§ EXERCISE GOAL
The required output is the stretch from the line containing "AI product shot" through the line containing "Jeans, damesbroek, baggy" in the records below, unaltered and with no pictures.
━━━━━ RECORDS PROVIDED
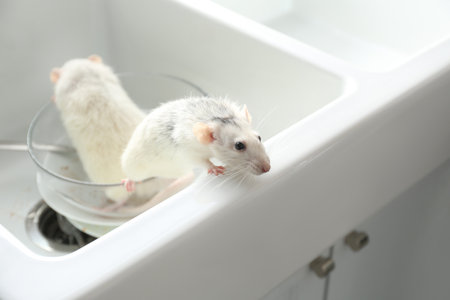 Rats and dirty dishes in the kitchen sink. pest controlの写真素材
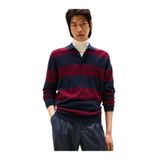 Tommy Hilfiger Yün Kaşmir Rugby Kazak, S, MW0MW40855DW5, Mavi, Erkek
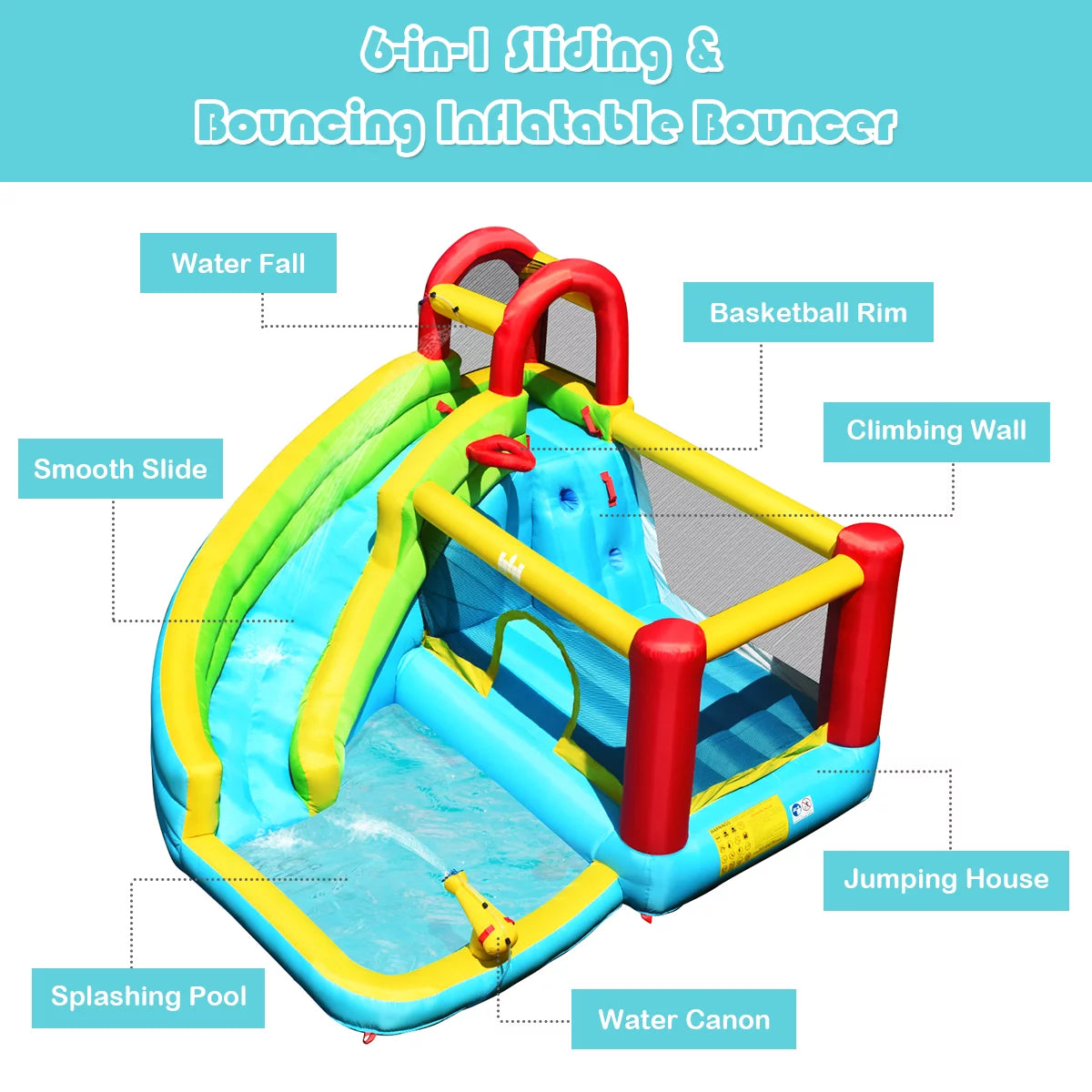 Inflatable Kids Water Slide Bounce House Splash Pool H2002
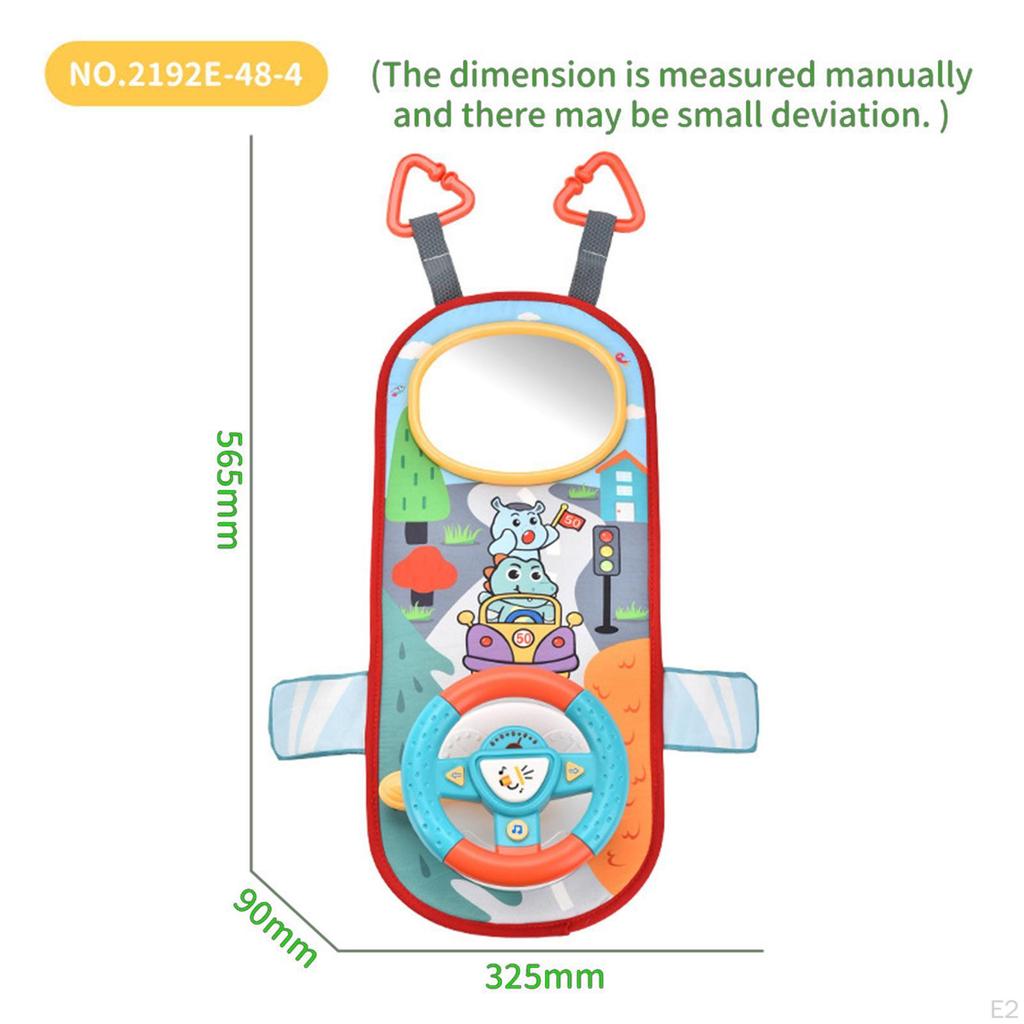 Car Toy Steering Wheel with Music Headrest Funny Fine Motor Skill Kids In Simulation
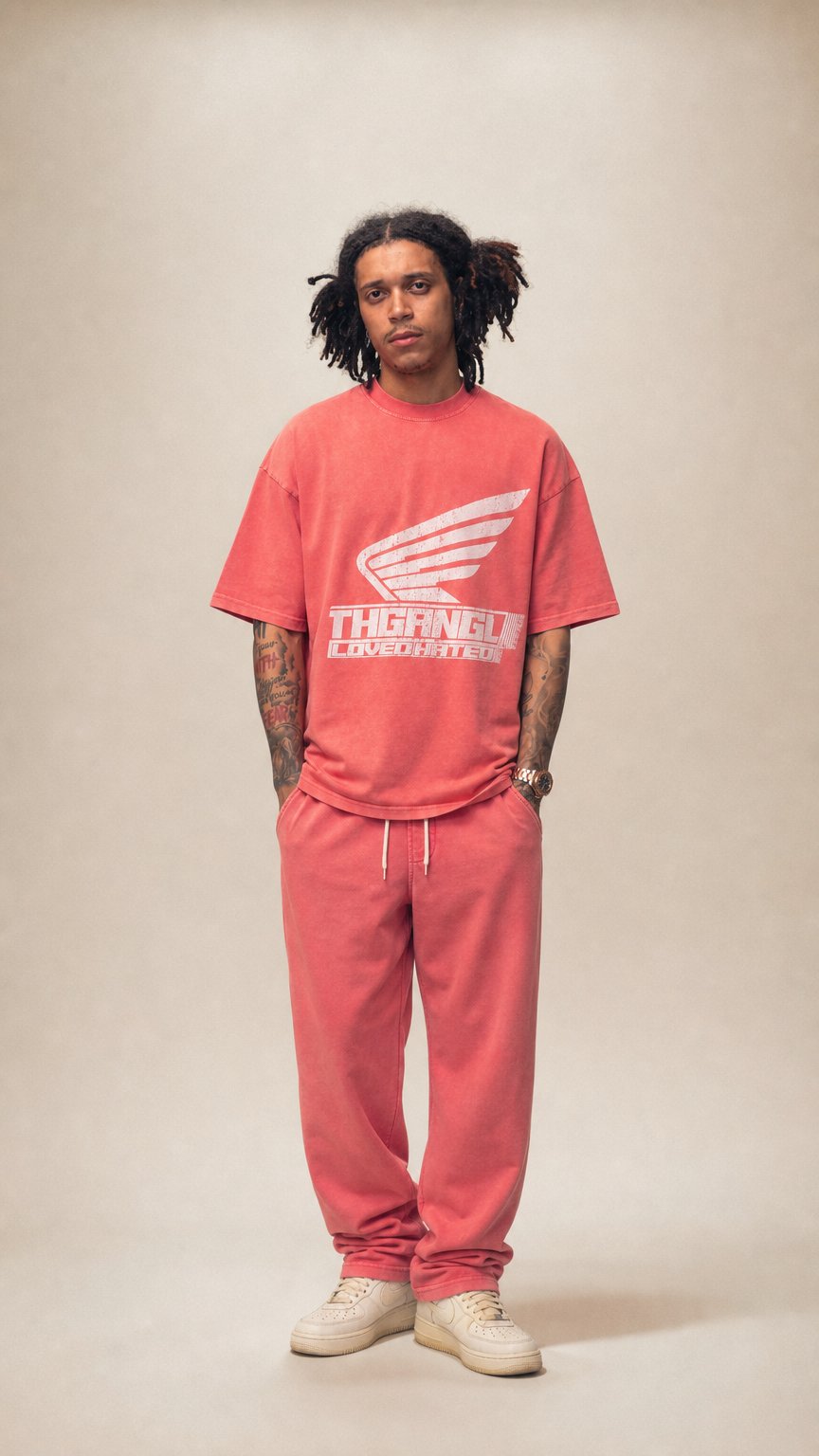 AI product shot of Washed Team T-Shirt - Pink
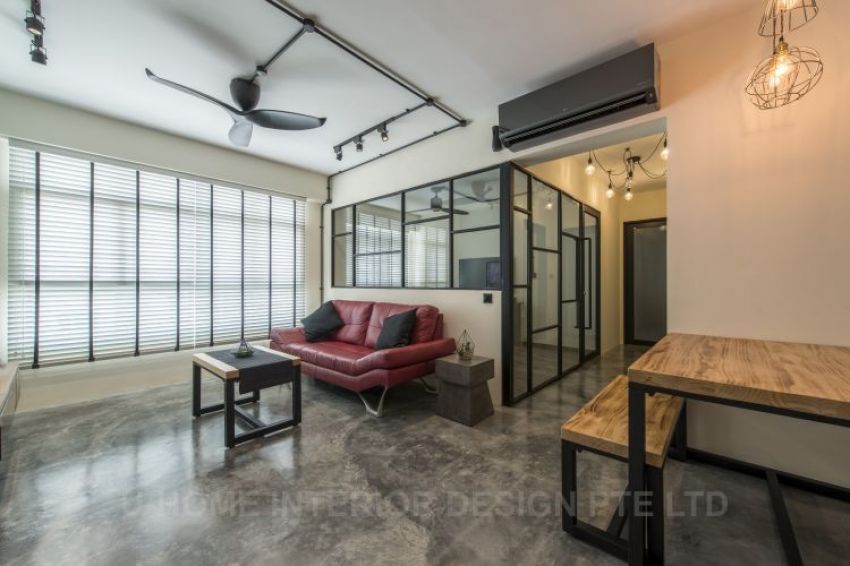 Industrial, Scandinavian Design - Living Room - HDB 4 Room - Design by U-Home Interior Design Pte Ltd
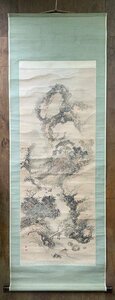 BP-674 ■送料込■ 福田半香 山水図 掛軸 肉筆 絵画 江戸時代後期 南画家 落款 美術品 合箱付き 181×72cm /くJYら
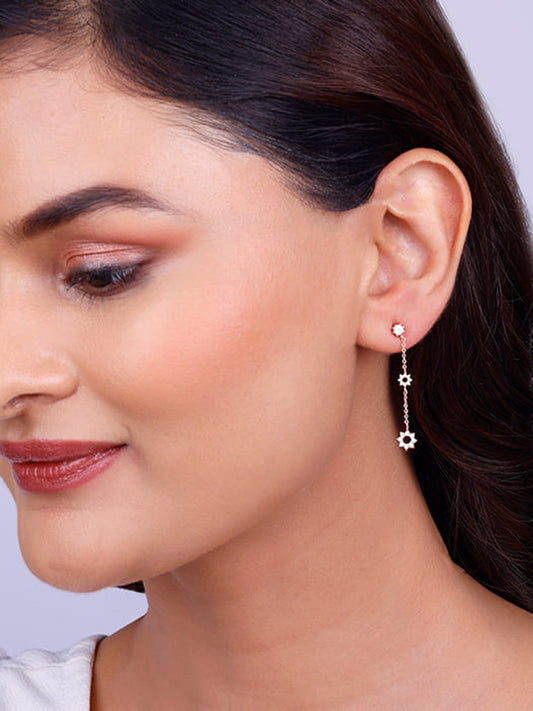 Rose Gold Flower Charm Earrings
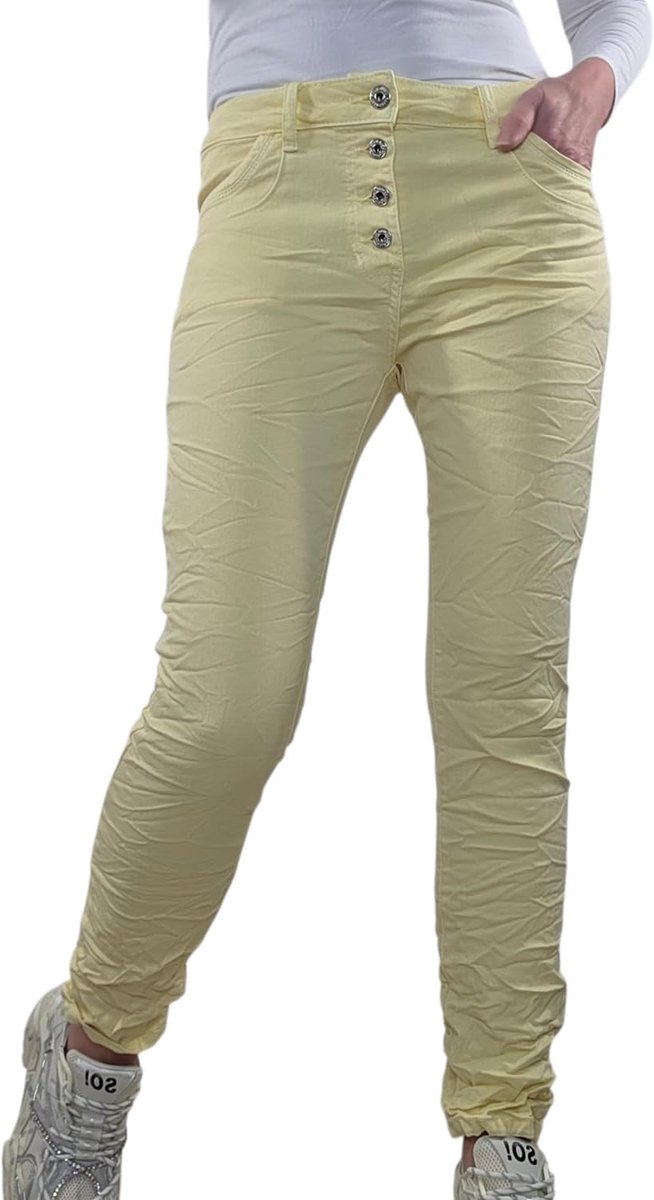 Jeans, damesbroek, baggy boyfriendsnit, decoratieve knoopsluiting, perfecte pasvorm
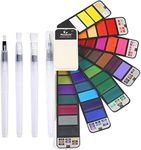 MEEDEN Watercolor Paint Set - 42 Assorted Colors Foldable Paint Set with 4 Brushes - Travel Pocket Watercolor Kit for Students Adults Beginning Artist Watercolor Painters Field Sketch Outdoor Painting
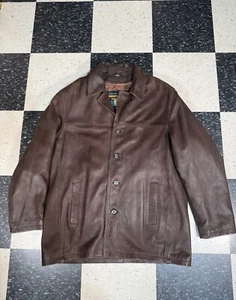 Wilsons Leather Adventure Bound Brn Button Thinsulate Insulated Leather Coat L - Picture 1 of 12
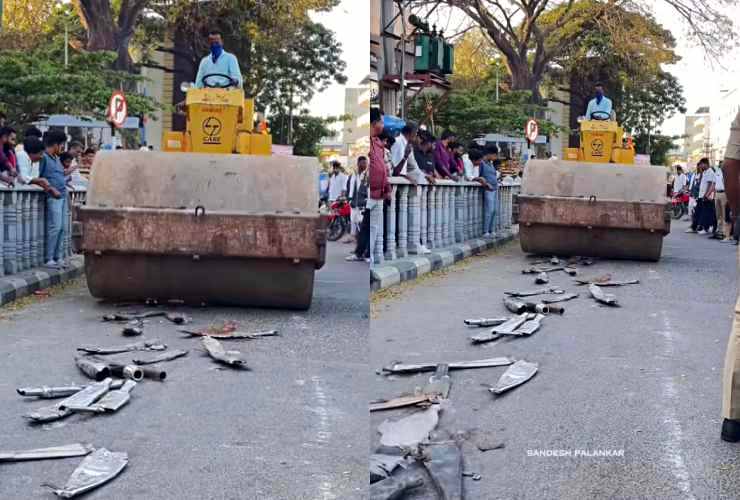 Shivamogga Police Bulldoze 70 Illegal Exhausts And 3000 Half Helmets [Video]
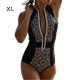 thumbnail image 2 of Soidarity Traje de baño Mujer Estampado vintage Patrón Traje de baño Cremallera frontal Traje de baño Ropa de playa Traje de baño XL Soidarity OD001435-04, 2 of 6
━━━━━━━━━━
§ EXERCISE RESULT
 AI product shot of Washed Team T-Shirt - Pink
 Industrial, Scandinavian Design - Living Room - HDB 4 Room - Design by U-Home Interior Design Pte Ltd
 BP-674 ■送料込■ 福田半香 山水図 掛軸 肉筆 絵画 江戸時代後期 南画家 落款 美術品 合箱付き 181×72cm /くJYら
 Rose Gold Flower Charm Earrings
 Jeans, damesbroek, baggy boyfriendsnit, decoratieve knoopsluiting, perfecte pasvorm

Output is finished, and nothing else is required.